日藝での学びは多方面にわたる興味関心を伸ばすことができたと感じており日藝を卒業した後、さらに2年間、大学院で学びました。大学院への進学は、先生方の手厚いサポートがあったことと学ぶチャンスがあるなら活かすべきだという思いからです。4年間通った日藝の環境が良く、さらに専門性を深めたいと思っていました。

研究旅行先で

多角的な企画と広報、そして新しい文学への入口

現在は、神奈川近代文学館で企画運営の業務に携わっています。文学館の運営は全て神奈川文化振興会が行っており、私はその中で総務課として広報のような業務を担当しています。

具体的には展覧会に関連したイベントの立案や広報、フライヤーなど広報印刷物の作成など、幅広い業務に携わっています。神奈川県の文学館ですが、扱うテーマは神奈川だけでなく、文学全般にわたります。

最近では作家を招いての講演会や、一般の方も参加できる連句会(皆で句を繋いで作る会)に携わりました。このように企画から広報、内容決定まで文学に多角的に関わる仕事に従事しています。

企画や広報以外にも、現在携わっている主な業務が二つあります。一つは年に4回、季節ごとに発行する機関紙『神奈川近代文学』の編集です。

神奈川近代文学館展示館入口

『神奈川近代文学』には連載のほか、その時の展覧会に合わせた作家からの寄稿を掲載しています。寄稿者の選定では、展覧会で扱う作家と深い関わりのある方や、過去のインタビュー記事でその作家への好意を公言している方などを、新聞記事やこれまでの知識をもとに探し依頼をします。この選定作業では、大学時代に研究で身につけた国会図書館の利用法や資料の探し方といった「調べる力」が非常に役立っています。

もう一つは、「友の会」の運営です。これは年会費という形で文学館の運営を支援してくださるファンの会です。会員の方々に次の展覧会やイベントの情報をいち早く提供するほか、文学に関連する場所を巡る「文学散歩」といった会員限定イベントも企画しています。特に嬉しい変化として、近年若い世代の参加が増えています。これは文学作品を原作としたアニメ、漫画、ゲームなどがきっかけで興味を持つ方がいるためだと感じています。かつての文豪たちを「推し」として楽しむような、新しい文学への入口が広がっていることを実感しています。

偶然が導いた職人「書簡」への深い興味と、
好きなものに囲まれて仕事をするということ。

卒業後は書籍編集の仕事をしていました。そこを退職し、別業種の仕事を経験していた時期に漠然と文学館や美術館で働きたいと考えていました。文学館の仕事は募集が少ないため、求人が出た時は迷わず応募しました。

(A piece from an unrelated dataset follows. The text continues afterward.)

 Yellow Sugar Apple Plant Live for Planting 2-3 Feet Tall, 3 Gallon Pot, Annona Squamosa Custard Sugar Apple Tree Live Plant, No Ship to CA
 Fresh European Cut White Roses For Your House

文学資料は紙のものが多く、意識して保存をしようと思わなければ後世には残りにくいものです。それらを展示することで、現在の人々と過去の文豪たちがつながり、資料をしっかりと保存することで未来の人々にも届けられること、なにより好きなものに囲まれて興味のある仕事ができることは最大のやりがいです。特に私が惹かれているものは、作家が書いた手紙などの「書簡」です。書簡には作家たちの人間味や生々しい人柄がよく表れていて、読むのが非常に面白いと感じます。

現在の仕事で特に大変だと感じるのは、公共施設として「間違った情報を発信することがあってはならない」という責任感による細部までのファクトチェックや構成作業です。地味な作業ですが、完成した時の達成感は大きく、やりがいにも繋がっています。

イベントなどのフェーダー調整

好奇心の赴くままに、仲間と高め合った日藝での日々。

ゼミでは予算がつき、年に1冊、創作・編集・デザインをチームで手掛ける課題がありました。これにより、本ができるまでの全過程を体感でき、これは現在の仕事にも直結する貴重な経験でした。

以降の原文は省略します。